Nur ganz wenige. Es gehört zu mir, dass ich oft sehr unsicher bin. Wenn ich den Film zu vielen vorher zeige und entsprechend viele verschiedene Reaktionen erhalte, verunsichert mich das nur. Zudem sind die beiden Produzentinnen Profis, auf die ich vertraute. Die wenigen Rückmeldungen fielen positiv aus. Am anspruchsvollsten war das Projekt für meinen Mann, ohne sein Einverständnis, seine Unterstützung und seine Ermunterungen wäre es nicht gegangen.
Weshalb entschieden Sie sich überhaupt für diesen Testlauf im Marabu, bevor der Film am 27. März im Fernsehen gezeigt wird?
Meine Physiotherapeutin Ursula Biland hatte die Idee, und ich finde es sehr schön, mit so einer Premiere im Marabu starten zu dürfen. Ich fühle mich sehr geehrt. Die Premiere wird Reaktionen auslösen. Positive und vielleicht auch negative. Darauf bin ich gefasst. Und so kann ich mich ein wenig auf das Echo einstellen, das die Ausstrahlung im Fernsehen auslösen könnte. Es ist geplant, dass «Rising Beyond Limits» auch an Filmfestivals gezeigt wird. Zusagen haben wir aber noch keine erhalten.
Romy Tschopp wirkt nach aussen immer sehr optimistisch und aufgestellt. Lernen wir Sie von einer anderen Seite kennen?
Ist das der Eindruck? Ja, ich verfüge über eine sehr positive Seite, und diese Seite hilft mir im Alltag sehr. Ich trage sie sehr gerne nach aussen. Der Film offenbart aber, dass ich nicht immer nur stark bin. Das ist niemand von uns, und niemand verlangt von uns, immer nur stark zu sein. Man sieht mich im Film oft auch schwach. Aber ich darf verraten: Das Ende ist positiv.

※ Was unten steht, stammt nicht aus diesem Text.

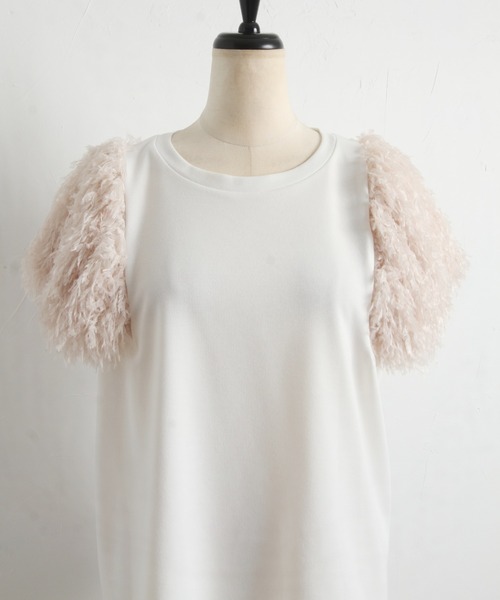 tocco closet（トッコ　クローゼット）の「【ZOZO限定】フリンジ切り替えカットプルオーバー（Tシャツ/カットソー・レディース・ピンク/ナチュラル/ブラック・M）」の11枚目の写真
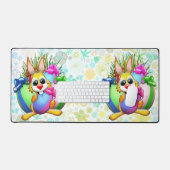 Lapin drôle mordant un œuf de Pâques (Clavier et souris)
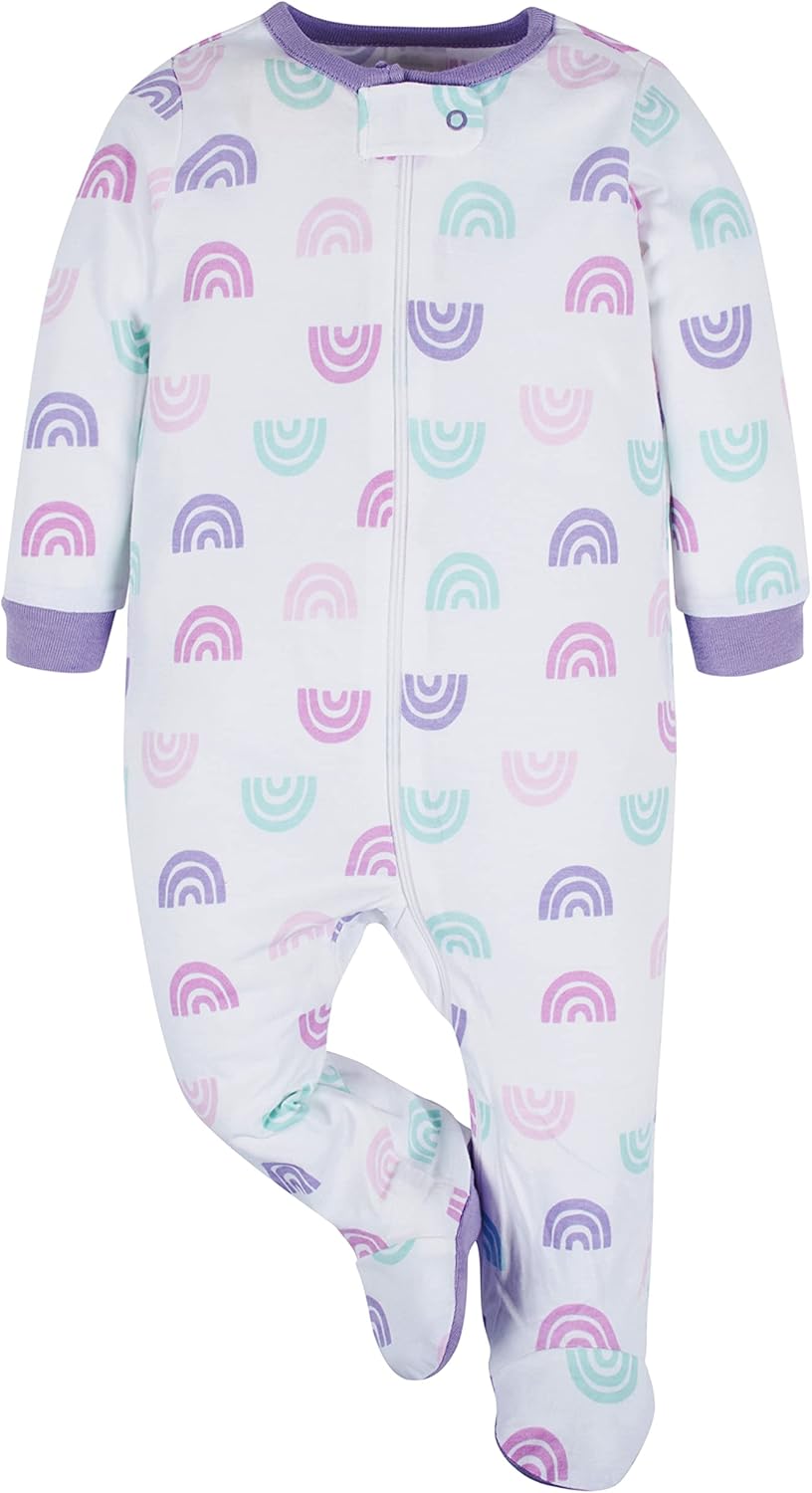 Onesies Brand Baby Girls' 4-pack Sleep 'N Play Footies Multi Pack
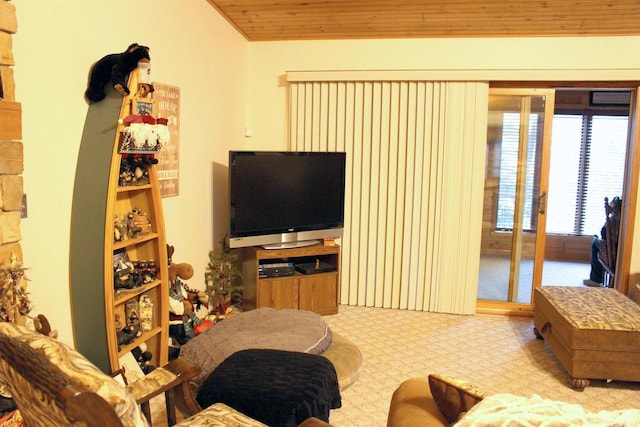 1885 20th Ave, Arkdale, WI 54613 - carpeted living room with wooden ceiling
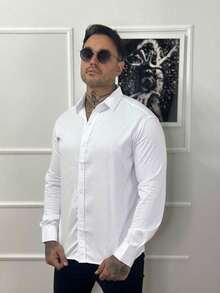 Camisa Social Masculiana Básica Manga Longa Slim Fit - Branco - Visão 3
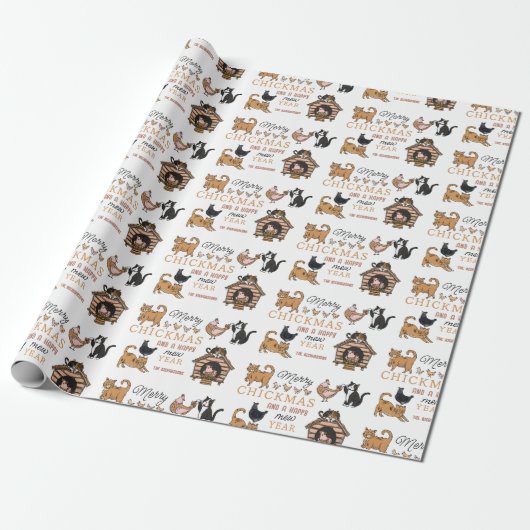 Papier Cadeau Chat et poulet personnalisés Noël drôle (Déroulé)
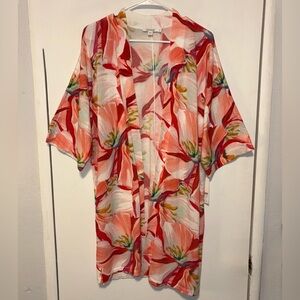 NWT‎ Chico’s Cardigan Sweater Lily Floral SR Midi Bahamian Pink Size 2 Large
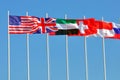 Row of flags of various countries Royalty Free Stock Photo
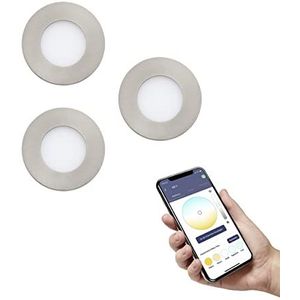 EGLO connect.z Smart Home set van 3 LED badkamer inbouwspots Fueva-Z, Ø 85 mm, ZigBee, app en spraakbesturing, lichtkleur instelbaar, dimbaar, 3 metalen nikkel mat, IP44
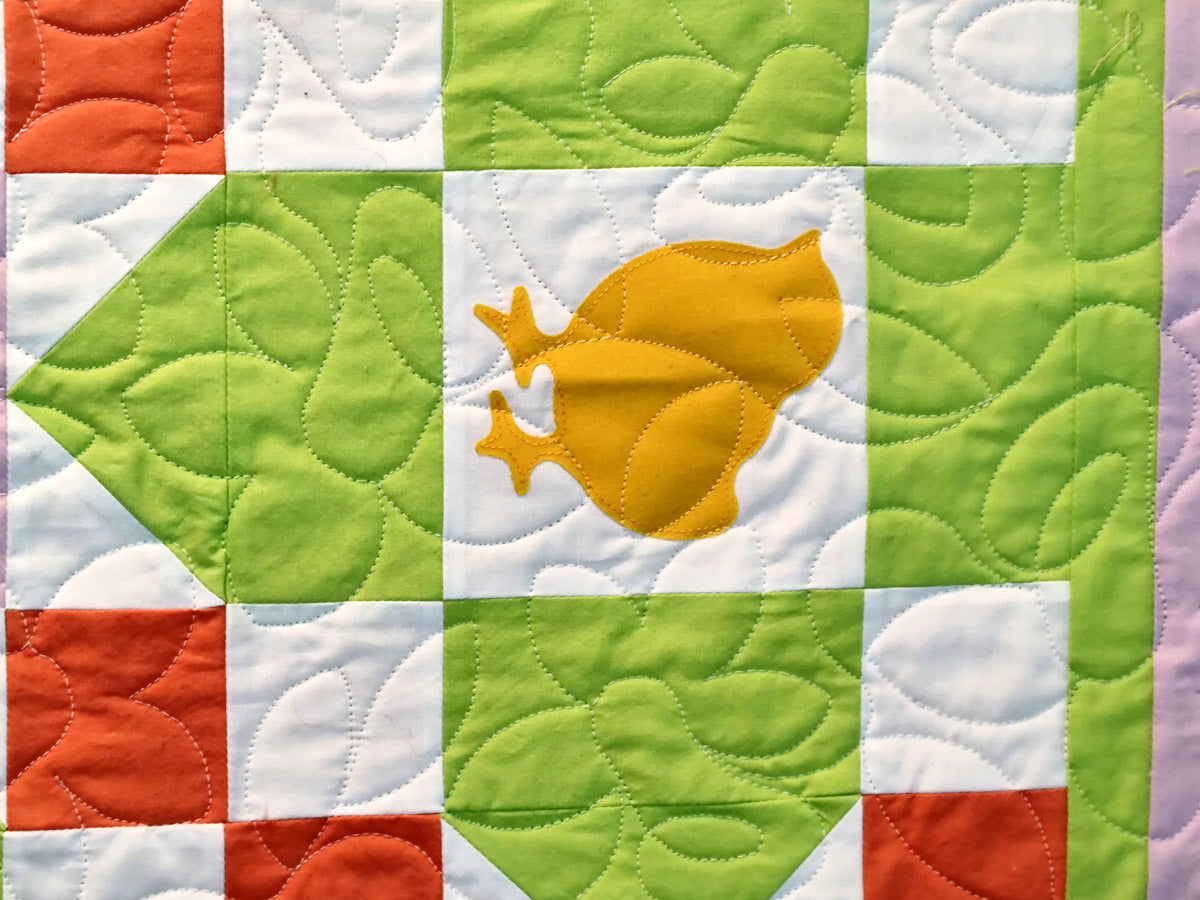 Spring Chicks modern baby quilt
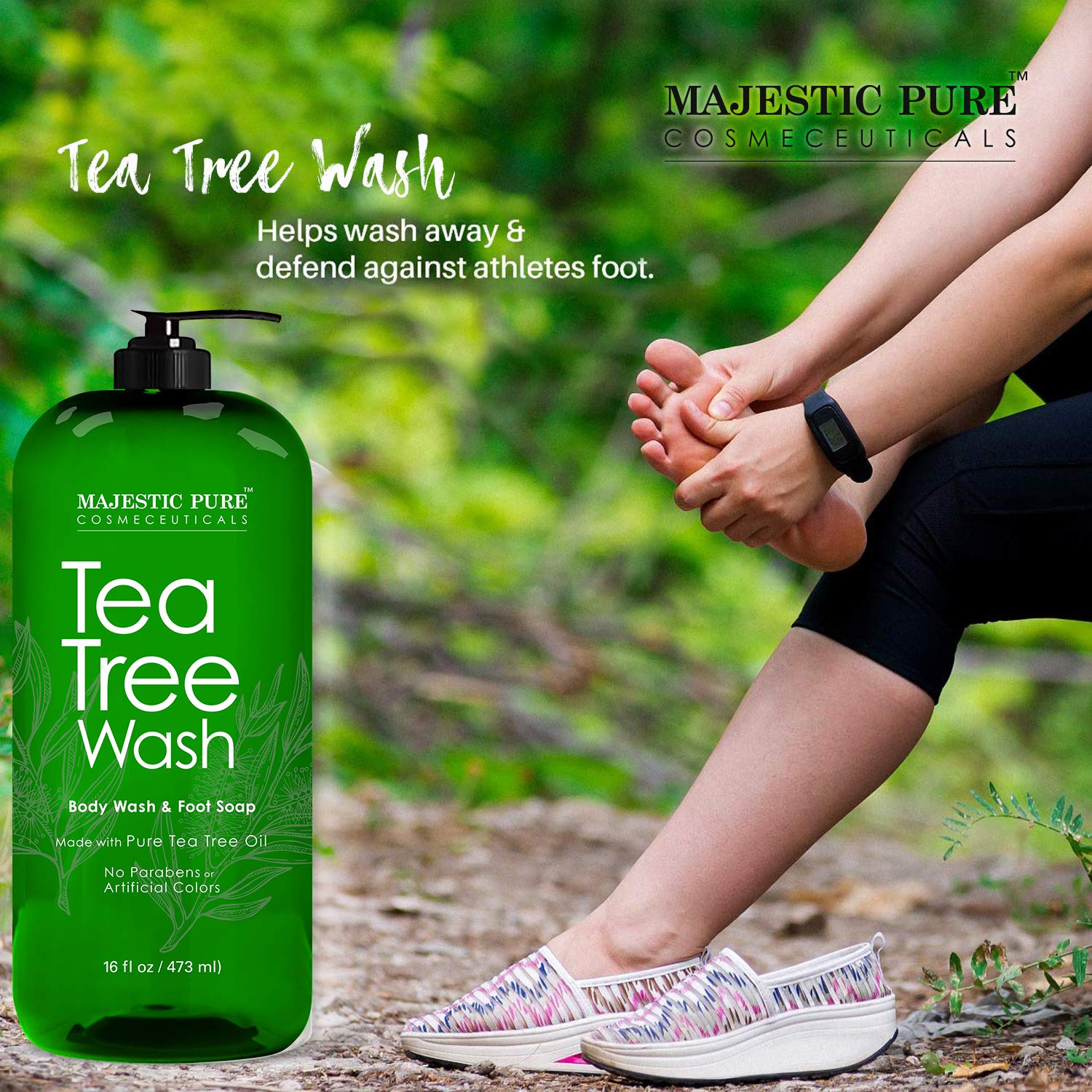 Majestic Pure Tea Tree Body Wash - Formulated to Combat Dry, Flaky Skin - Soothes, Nourishes and Moisturizes Irritated, Chapped, Problem Skin Areas - (Packaging may Vary) -16 fl. oz. : Beauty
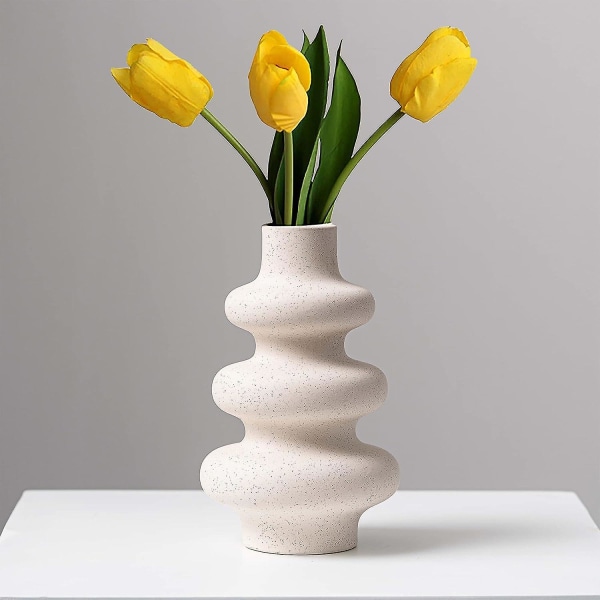 Keramisk vase, råhvid rund vase til midtpunktet Bryllup Middagsbord Fest Stue Kontor Soveværelse, Housewarming gave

Film «Rising Beyond Limits» mit Romy Tschopp. Premiere und bisher einzige Kino-Vorführung. Marabu, Gelterkinden. Samstag, 20.15 Uhr. Eintritt frei, Kollekte.
Zur Person
vs. Romy Tschopp (31) ist mit einem offenen Rücken (Spina bifida) zur Welt gekommen. Das Gebrechen schränkte sie immer stärker ein, und deshalb ist sie im Alltag auf einen Rollstuhl angewiesen. Das hält sie aber nicht davon ab, im Para-Sport auf dem Snowboard Weltcup-Rennen und Weltmeisterschaften zu bestreiten. Romy Tschopp ist in Rothenfluh aufgewachsen und lebt heute mit ihrem Ehemann Gregor Tschopp in Sissach.